Roberts’ use of classical instrumentation on Glass Eights was one of the album’s most impressive features, and the voyage continues on Fences, now incorporating distinctly Eastern instrumental samples and toybox melodies which jostle for prominence amongst the soft piano and keening strings. Not that Roberts has entirely abandoned the dancefloor: a crashing percussive assault underpins the tuned melodies and mournful strings of Calico, while Fences’ baleful introduction gives way to a sharp kick which anchors the complexity of its clipped melodic samples.
Yet time and again across Fences, the tracks which impress most are the strangest. Early highlight Shoes drops the tempo of its crashing kicks to play host to a beautiful combination of echoing keys and a mesmerising detuned melody. Later on, Plaster picks up these bewitching analog sounds with an imperial stomp, while an unexpectedly beautiful rest at the 2-minute mark exhibits Roberts’ prescient grasp over song structure. Penultimate track Blanket completes the trilogy of detuned highlights, another slow jam where frayed synthwork lays the ground for exotic toybox melodies.
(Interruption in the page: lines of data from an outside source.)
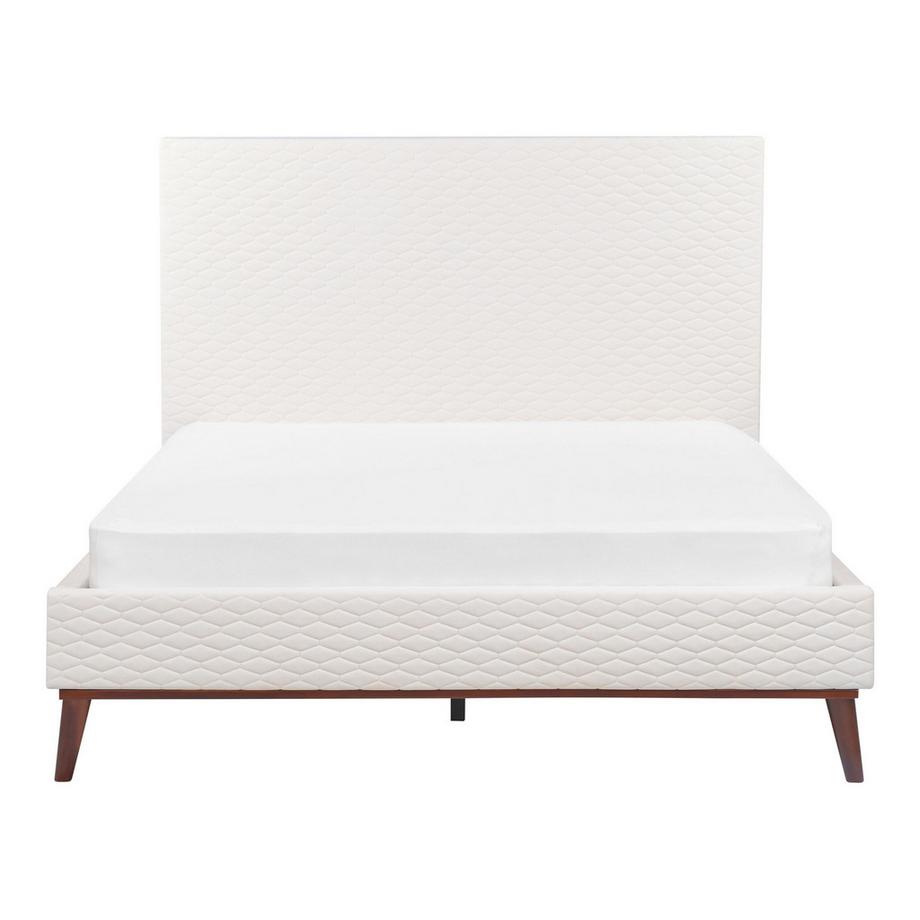 Beliani Bett mit Lattenrost aus Samtstoff Retro BAYONNE  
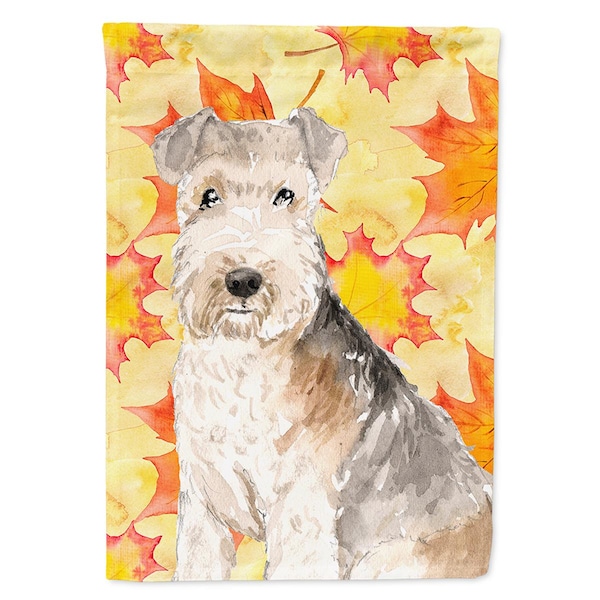 Patioplus Fall Leaves Lakeland Terrier Flag Canvas House Size - PA2874531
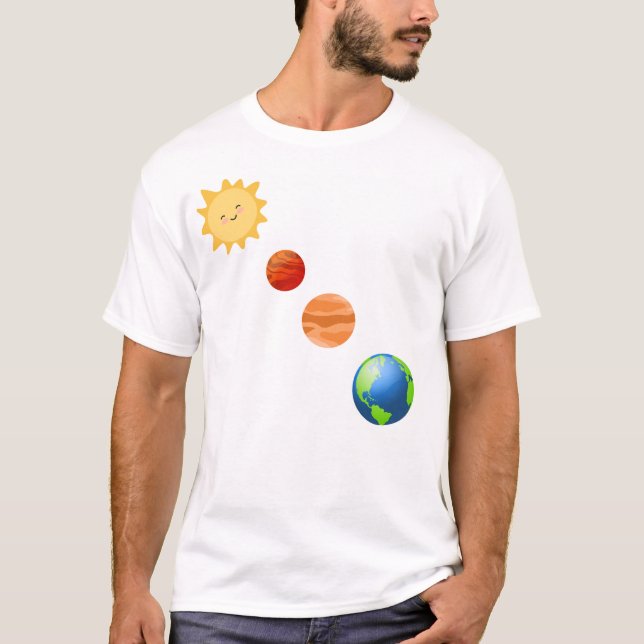Camiseta Sistema solar (Frente)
Despite Roberts’ dedication to crashing percussive patterns, some of Fences’ beatless pieces remain some of its most successful moments. Opener Bleach and mid-album interlude Braids are both stunning feats of sample manipulation; beautiful and spacious constructions as moving as they are meditative. These gorgeous passages, along with beautiful closing dirge Chalkdust, are a welcome respite from the album’s denser moments which, while immaculately crafted, can feel somewhat cluttered when listening to the album in full.
These special moments, alongside a worthwhile revisit to Glass Eights, make one realise Roberts’ unique gift at utilising space and patience in his compositions, a talent which feels underused in many of these busy productions. It’s not that each of Fences’ constituent tracks are in any way disappointing: indeed, heard alone, each is an exquisite gemstone more than worthy of the listener’s time. However the lack of sonic variation across the album and the relentless assault of different sounds can become tiring across a complete listen, with the result that one track bleeds imperceptibly into the next, failing to make the lasting impression that one feels it could in another context.
“I’ve always loved the idea of being able to look back on what you’ve done and see visible progressions and refinements over time,” Roberts remarked in interview. Without a doubt, one can see that his taste and style have changed remarkably in the short space of two years, and the individual productions on Fences stand as a testament to his extraordinary vision and skill. Yet because the album never quite coheres as a whole, the listener may be left having to pick out the loose strands of beauty from the dense arrangements. If you care to do so, you’ll see that on Fences there is an awful lot of beauty to be found.